Chord Arcs Conjecture
If two chords in a circle are congruent, then their intercepted arcs are congruent.
Perpendicular to a Chord Conjecture
The perpendicular from the center of a circle to a chord is the perpendicular bisector of the chord.
Chord Distance to Center Conjecture
Two congruent chords in a circle are equally distant from the center of the circle.
Perpendicular Bisector of a Chord Conjecture
The perpendicular bisector of a chord passes through the center of the circle.
Tangent Conjecture
A tangent to a circle is perpendicular to the radius drawn to the point of tangency.
Tangent Segments Conjecture
Tangent segments to a circle from a point outside the circle are congruent.
Inscribed Angle Conjecture
The measure of an inscribed angle in a circle is half the measure of the arc it intercepts.
Inscribed Angles Intercepting Arcs Conjecture
Inscribed angles that intercept the same arc are congruent.

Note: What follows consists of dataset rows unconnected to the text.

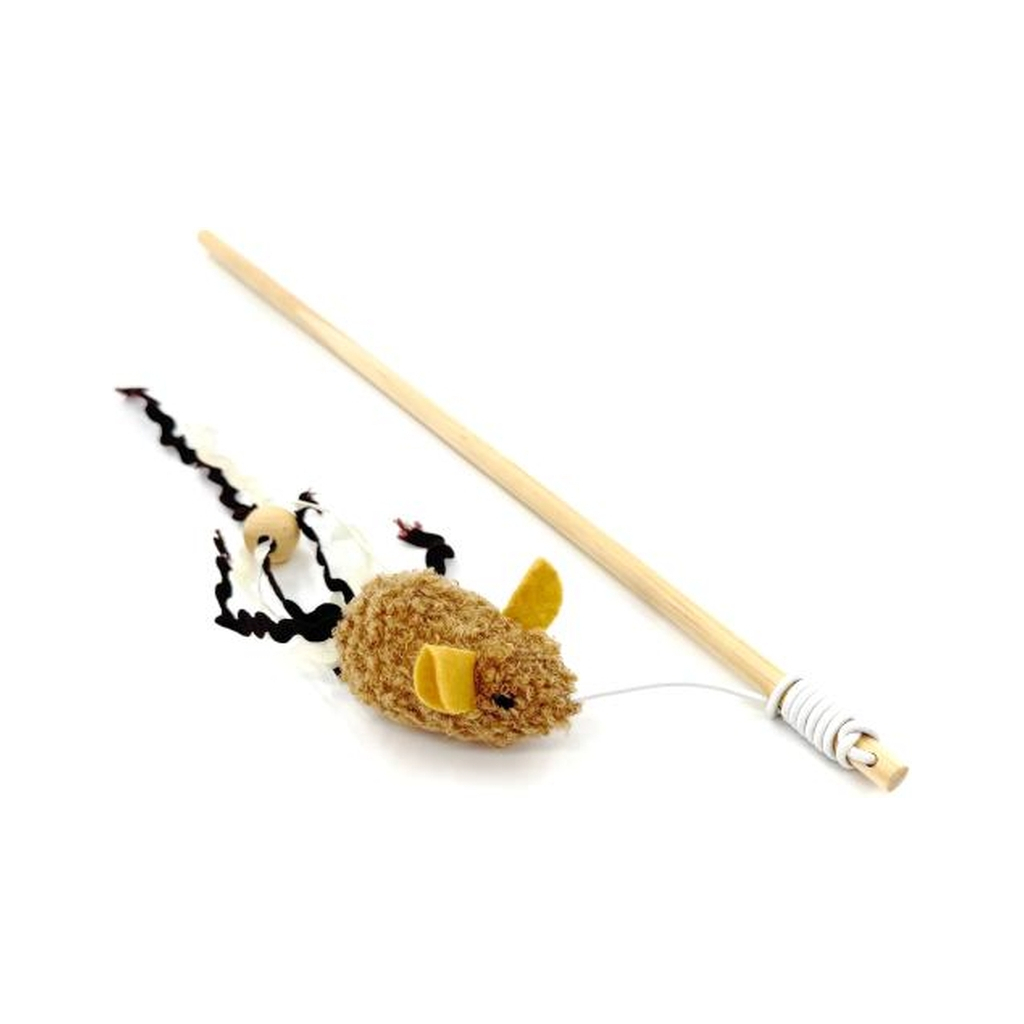 Іграшка для котів Hippie Pet Вудка з мишкою коричнева 40 см (HIPCW2303009RU) - зображення 1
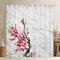 Rideaux de fenêtre à fleurs de cerisier pour chambre à coucher, rideaux en marbre blanc gris, rideaux occultants à fleurs rouges de 193 x 137 cm, rideaux de fenêtre de style japonais à thème botanique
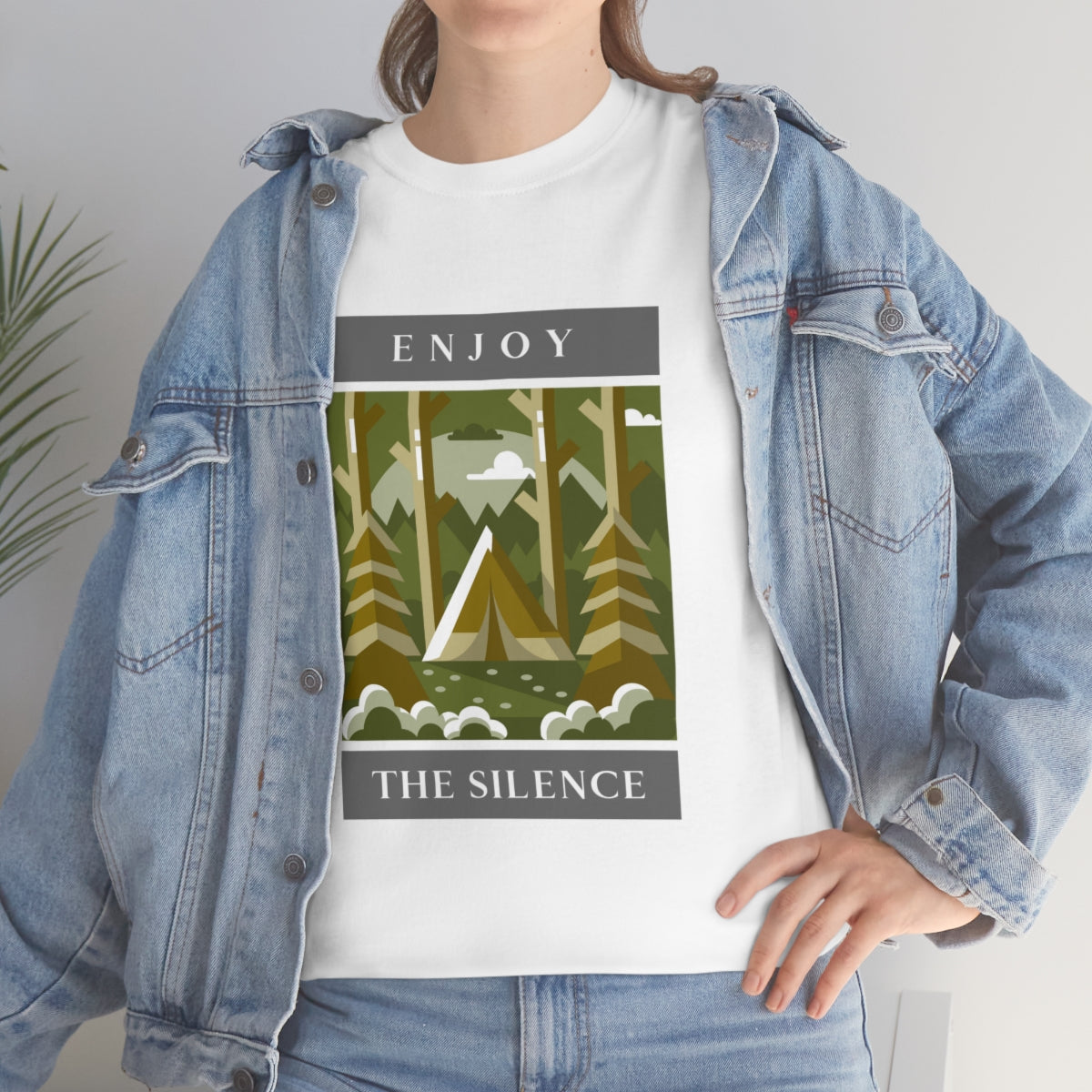 Enjoy the Silence Camping Unisex Heavy Cotton Tee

Angles Inscribed in a Semicircle Conjecture
Angles inscribed in a semicircle are right angles.
Cyclic Quadrilateral Conjecture
The opposite angles of a quadrilateral inscribed in a circle are supplementary.
Parallel Lines Intercepted Arcs Conjecture
Parallel lines intercept congruent arcs on a circle.
Arc Length Conjecture
The length of an arc equals the degree measure of the arc divided by 360 degrees, times the circumference of the circle.
I did not include the conjecture about the circumference!!! That is just common knowledge.